The Bark

View Original

UMD falls short of Ice Breaker title with 4-3 loss to Michigan Tech

Written by Austin Rush | Archived Nov. 10, 2020

UMD defenseman Nick Wolfe avoids contact with a Tech player

The University of Minnesota Duluth falls to Michigan Tech University 4-3 in the Ice Breaker championship game.

UMD, who got off to a hot start tonight with the games first two goals coming from sophomores Riley Tufte(39 seconds into the opening period) and Nick Wolff may have gotten a little too comfortable with their early lead.

Penalties haunted the Bulldogs tonight as they had seven of them. The Huskies capitalized on three of them two of which came in the first period to tie things up a two apiece. The Bulldogs found themselves having to defend an early 5-on-3 man advantage in the first period and failing on both penalty kill attempts.

Senior defenseman Mark Auk and sophomore forward Raymond Brice scored 62 seconds apart to even the contest.

Both teams would trade blows in the middle frame but it was the even strength strike from freshman forward Justin Misiak that would seal the victory and tournament win for the Huskies.

"We learned a little bit about ourselves this weekend," said UMD head coach Scott Sandelin. "Obviously we had a good emotional first game big win and I thought we came out well. Maybe we thought it was going to be a little easy after getting a couple goals but I liked our energy and then I thought we had a let up at the end of the period and thought it was kind of sloppy."
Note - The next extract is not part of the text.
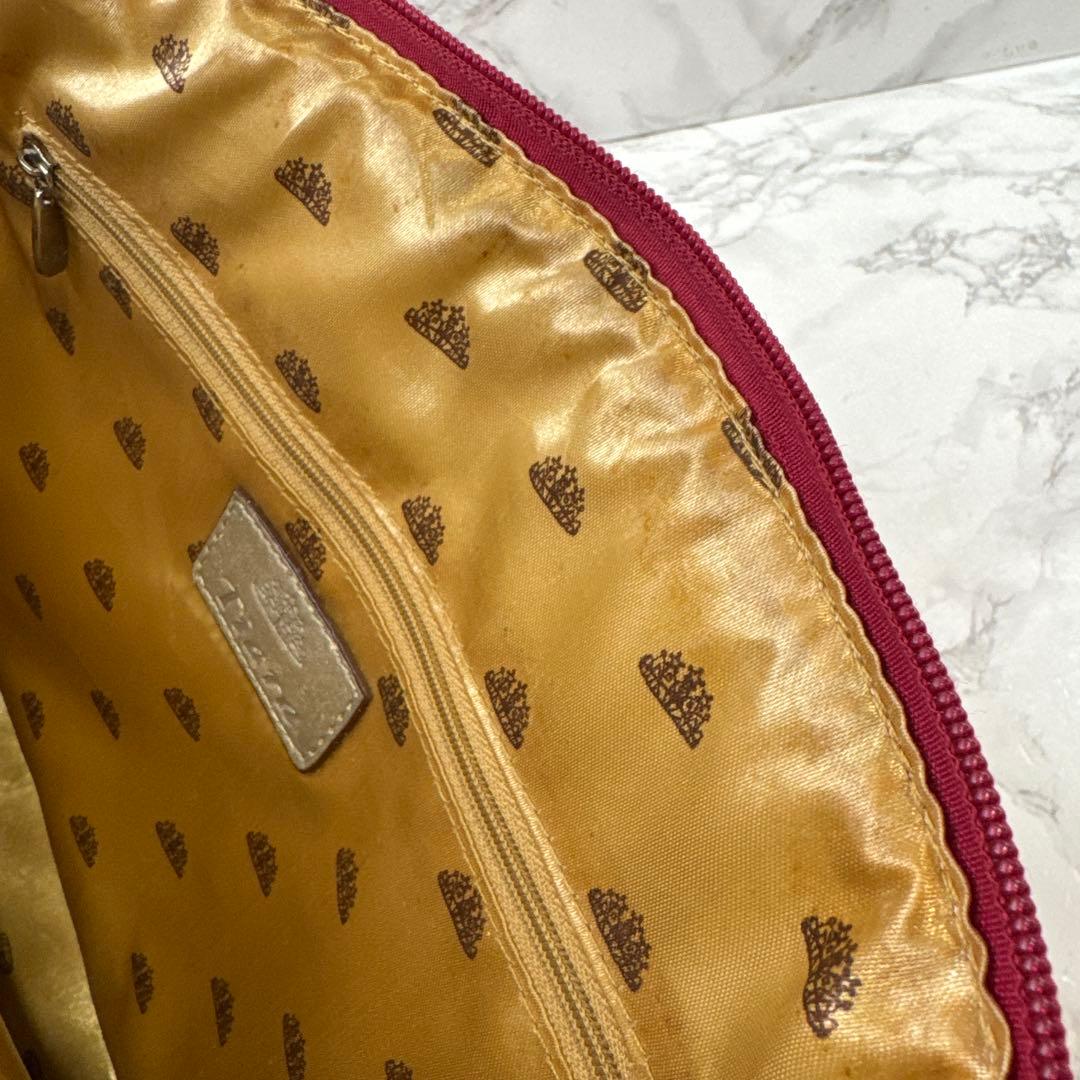 ほぼ未使用品 Tiara ティアラ クロコ型押しPUレザー ハンドバッグ ピンク N6133374606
UMD poured on 36 shots to Tech’s 17 in the contest but had little answer for junior goaltender Patrick Munson after their third and final goal.

"Obviously you want to win but give them credit, they battled, they capitalized and got the win but I liked some of the things I saw tonight," Sandelin said.

The Bulldogs will hit the road next Friday night to take on the Beavers of Bemidji State then return home on Saturday to complete the home and home series with their Western Collegiate Hockey Association opponent.